6. Which of the following is the strongest reason why the distinction between personal and non-personal data is described as "far less clear than it appears"?

A) Non-personal data is always less valuable than personal data.
B) All data is technically personal because someone had to create it.
C) Data that appears non-personal can often be re-identified and linked back to specific individuals.
D) Legal definitions of personal data vary slightly between countries.

Answer

**C)** Data that appears non-personal can often be re-identified and linked back to specific individuals. *Explanation:* Section 1.3.1 makes this point through the AOL search log example: data that was "anonymized" by replacing names with numerical IDs was re-identified within days using search pattern analysis. The key insight is that seemingly non-personal data can become personal when combined with other information. Option A is factually incorrect (non-personal data can be immensely valuable). Option B is a philosophical overreach not supported by the chapter. Option D, while true, describes a surface-level complexity rather than the fundamental problem the chapter highlights.

7. In the VitraMed data lifecycle example, patient data is scheduled for deletion seven years after the last clinical visit. Eli objects that derivative models trained on the data persist indefinitely. This objection highlights a limitation at which stage of the data lifecycle?
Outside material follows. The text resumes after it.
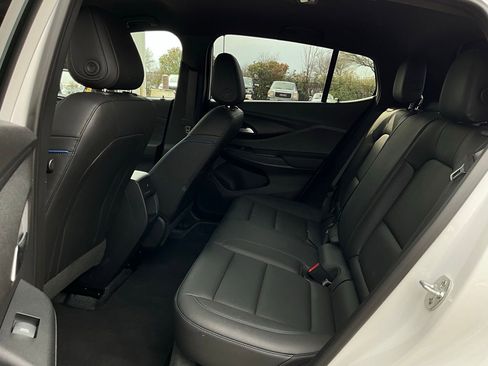 Used 2025 Buick Envista Sport Touring image 11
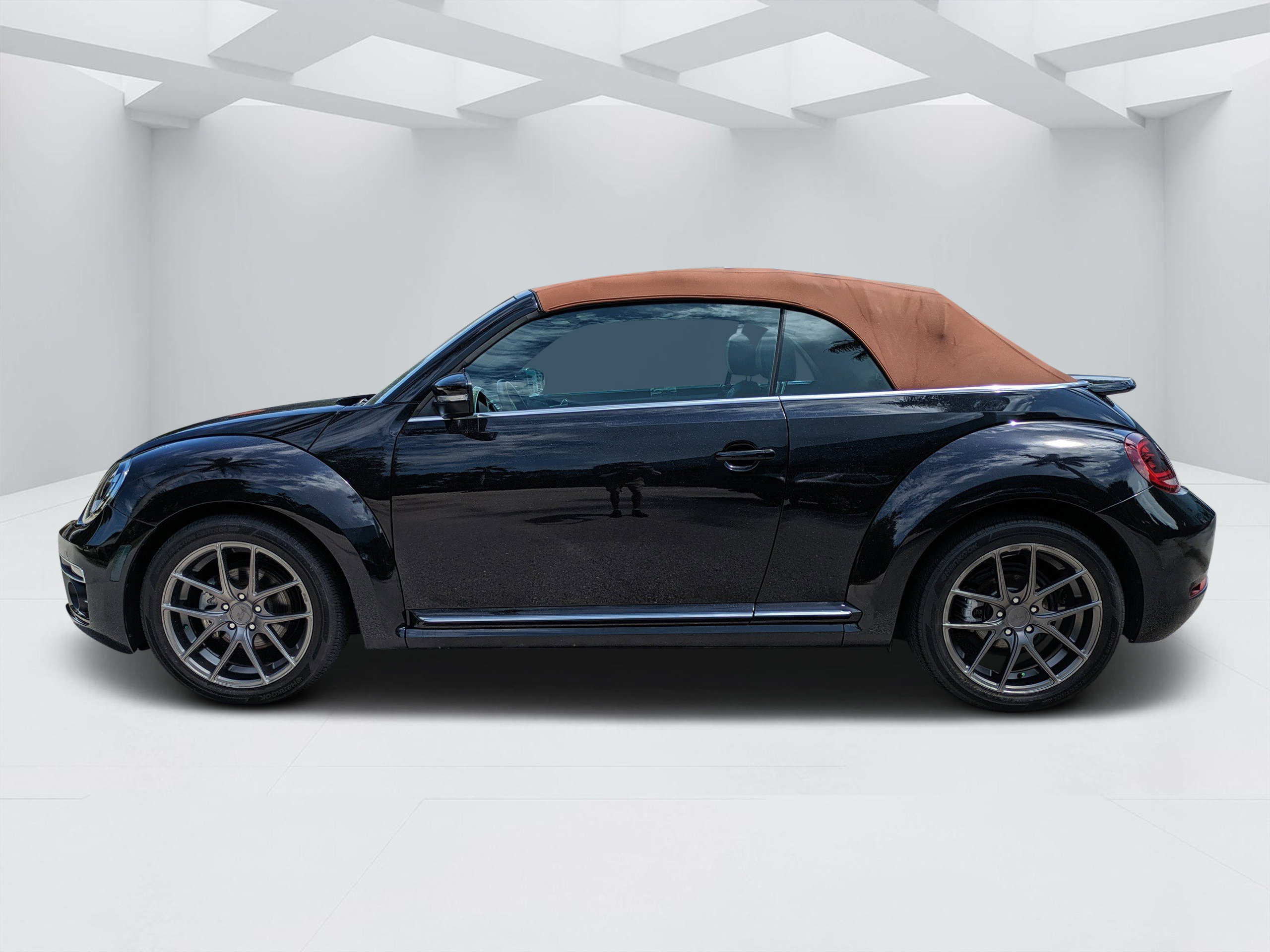 Used 2019 Volkswagen Beetle 2.0T S FWD image 6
A) Collection — because the data should not have been collected in the first place.
B) Processing — because the data was transformed in ways the patient did not anticipate.
C) Deletion — because "deleting" source data does not eliminate patterns learned by models trained on it.
D) Sharing — because VitraMed should not share data with third parties.

Answer

**C)** Deletion — because "deleting" source data does not eliminate patterns learned by models trained on it. *Explanation:* Section 1.4.2 presents Eli's challenge directly: if patterns from patient data live on indefinitely in predictive models, then deleting the original records does not achieve true deletion. This raises the question of what "deletion" actually means in an era of machine learning. The issue is not that data should never have been collected (A), nor specifically about processing transformations (B) or third-party sharing (D), though those raise separate concerns. Eli's objection targets the gap between formal deletion and functional persistence.
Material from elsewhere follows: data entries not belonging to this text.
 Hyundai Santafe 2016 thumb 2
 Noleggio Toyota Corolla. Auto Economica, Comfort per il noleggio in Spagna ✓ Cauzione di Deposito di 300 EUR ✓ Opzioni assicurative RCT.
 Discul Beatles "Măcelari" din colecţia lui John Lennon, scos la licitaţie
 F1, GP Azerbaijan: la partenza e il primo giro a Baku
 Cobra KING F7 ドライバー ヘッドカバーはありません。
8. The chapter presents an "Applied Framework" for evaluating any data system. Which of the following questions does the framework explicitly include?

A) "How much revenue does the data generate?"
B) "What governance mechanisms exist — and are they adequate?"
C) "Is the data stored in the cloud or on-premises?"
D) "How many data points are in the dataset?"

Answer

**B)** "What governance mechanisms exist — and are they adequate?" *Explanation:* Section 1.7 presents the six-question Applied Framework. The six questions ask: What data is collected? By whom? For what stated purpose? What unstated purposes might it serve? Who benefits and who bears the risk? And: What governance mechanisms exist — and are they adequate? Revenue generation (A), storage architecture (C), and dataset size (D) are not part of this framework. The framework is designed to surface power dynamics and accountability, not technical specifications.

9. Which of the following scenarios best illustrates the concept of the "quantified self" as discussed in Section 1.2.3?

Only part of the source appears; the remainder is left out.